Ten years ago, I lived in Florence, Italy, on a cobble-stoned street one block from Santa Croce. The piazza in front of the weathered church was always filled with pigeons and young Italian couples drinking wine and making out. Old men filled the benches that surrounded the square, and children played tag in front of them.
It was really that quaint.
One block from this piazza is a wonderful trattoria called Baldovino. It’s rumored to be owned by the brother of actor Hugh Grant. It was here that I first had Pappa al Pomodoro and immediately tried to recreate it in our semi-functional kitchen that same week.
Fortunately, it’s very simple.
The hearty soup is derived from Tuscany, the region in which Florence sits. Historically, it was made by poor farmers because of its easily accessible ingredients: stale bread and overripe tomatoes. While the men would work the fields, the women would prepare dinner using whatever meager resources they had.
Today, as the frost threatens the last of those tomato crops and the farmers’ stands are about to shutter for the winter, it’s the most delicious way to use up lots of tomatoes for a soup that’s ideal on these chilly nights.
Because the soup is so filling, it can be served alone. Of course in Italy, the zuppa is a primi, or first course of many, many dishes. (Don’t’ be fooled by the term “first course,” the Italians like to warm up with antipasti and a drink too). This is followed by a secondi, usually the main entree consisting of meat; a contorno, a vegetable side dish; insalata, the finishing mixed salad; cheese and fruit, a sweet dessert and an espresso. All of this gets washed down with a digestivo.

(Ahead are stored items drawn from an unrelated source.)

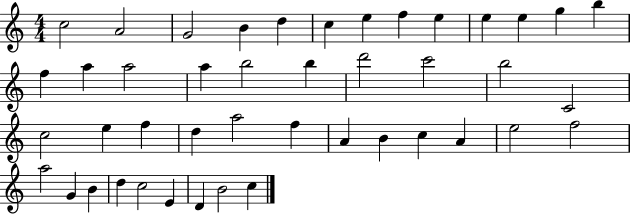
X:1
T:Untitled
M:4/4
L:1/4
K:C
c2 A2 G2 B d c e f e e e g b f a a2 a b2 b d'2 c'2 b2 C2 c2 e f d a2 f A B c A e2 f2 a2 G B d c2 E D B2 c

It’s heaven and it’s exhausting.
This week, I wanted soup for the first time in months, and started to reminisce about that fall in Europe. Picking the last of the tomatoes from my tiny garden, I remembered there was a half loaf of Udi’s olive bread inside that was perfectly old. Combined with an onion and some garlic from the market and a handful of basil, we had the makings for Leftover Soup.
Cue the Chianti.
1. Brown one onion and three cloves of garlic in six spoonfuls of olive oil in a large pot.
2. Add 8 ounces of tomato paste and two to three tomatoes diced into chunks (cherry tomatoes work too). Add a handful of freshly chopped basil.
3. Continue stirring and let it boil. Add salt and pepper.
4. On another burner, bring one liter of vegetable broth to a boil, and add 3 cups of chopped bread (the crustier, the better). Let it simmer until the broth is absorbed by the bread.
5. When all the bread is soaked up and bread is like mush, add to the tomato sauce.
6. Stir. Serve into individual bowls, and drizzle olive oil on top. Then sprinkle with fresh parmesan cheese and mangia!